L’annonce a été faite vendredi 19 juin 2026 à Bunia, chef-lieu de l’Ituri, lors d’un briefing presse consacré à l’évaluation de la riposte contre Ebola. À cette occasion, le directeur général de l’Institut national de santé publique (INSP), Dieudonné Kazadi, a indiqué que des mesures temporaires ont été prises en attendant l’arrivée des nouveaux équipements.

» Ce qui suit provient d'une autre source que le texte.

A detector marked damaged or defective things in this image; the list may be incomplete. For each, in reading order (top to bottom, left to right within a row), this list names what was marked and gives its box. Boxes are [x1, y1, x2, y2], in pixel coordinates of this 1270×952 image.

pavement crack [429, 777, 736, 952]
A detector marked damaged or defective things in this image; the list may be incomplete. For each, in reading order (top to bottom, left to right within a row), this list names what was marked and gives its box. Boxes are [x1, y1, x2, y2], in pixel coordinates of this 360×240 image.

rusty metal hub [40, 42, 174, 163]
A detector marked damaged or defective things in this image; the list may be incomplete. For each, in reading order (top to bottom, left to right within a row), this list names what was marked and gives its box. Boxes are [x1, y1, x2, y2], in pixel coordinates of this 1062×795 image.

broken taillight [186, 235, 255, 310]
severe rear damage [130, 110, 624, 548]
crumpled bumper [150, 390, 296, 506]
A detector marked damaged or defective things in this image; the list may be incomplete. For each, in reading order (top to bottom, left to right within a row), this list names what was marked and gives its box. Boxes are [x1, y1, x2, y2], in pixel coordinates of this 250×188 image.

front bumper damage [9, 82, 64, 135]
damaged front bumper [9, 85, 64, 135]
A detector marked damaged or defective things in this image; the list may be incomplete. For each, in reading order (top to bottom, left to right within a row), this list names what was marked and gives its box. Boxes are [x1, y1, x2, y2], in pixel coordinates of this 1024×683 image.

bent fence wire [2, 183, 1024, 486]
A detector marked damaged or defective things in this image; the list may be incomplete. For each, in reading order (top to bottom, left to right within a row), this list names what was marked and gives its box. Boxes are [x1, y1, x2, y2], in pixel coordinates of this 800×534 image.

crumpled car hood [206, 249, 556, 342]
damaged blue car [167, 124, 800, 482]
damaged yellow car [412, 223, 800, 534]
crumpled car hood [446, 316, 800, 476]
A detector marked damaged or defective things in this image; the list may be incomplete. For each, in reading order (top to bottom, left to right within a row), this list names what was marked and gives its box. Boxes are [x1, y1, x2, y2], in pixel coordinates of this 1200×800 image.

« Pour parer au plus pressé, nous avons mobilisé localement sept ambulances, en réponse notamment aux préoccupations soulevées par les honorables députés », a déclaré le responsable de l’INSP.
Selon lui, cette solution provisoire vise à garantir la continuité des interventions sanitaires dans les différentes zones affectées, notamment en matière d’évacuation des patients, de transport des équipes médicales et de suivi des contacts.
Concernant la situation de la zone de santé de Mungbwalu, identifiée parmi les secteurs nécessitant une attention particulière, Dieudonné Kazadi a annoncé le déploiement imminent de nouveaux moyens logistiques.
« Une ambulance et une jeep seront déployées dès demain dans cette zone de santé », a-t-il précisé.
Cette mesure s’inscrit dans le cadre du renforcement de la réponse sanitaire coordonnée par les autorités congolaises et leurs partenaires, afin de contenir rapidement la propagation du virus et d’assurer une prise en charge efficace des populations affectées.
Les autorités sanitaires réaffirment ainsi leur engagement à doter les équipes de terrain des moyens nécessaires pour faire face à cette urgence de santé publique et limiter les risques de propagation de l’épidémie dans la province de l’Ituri.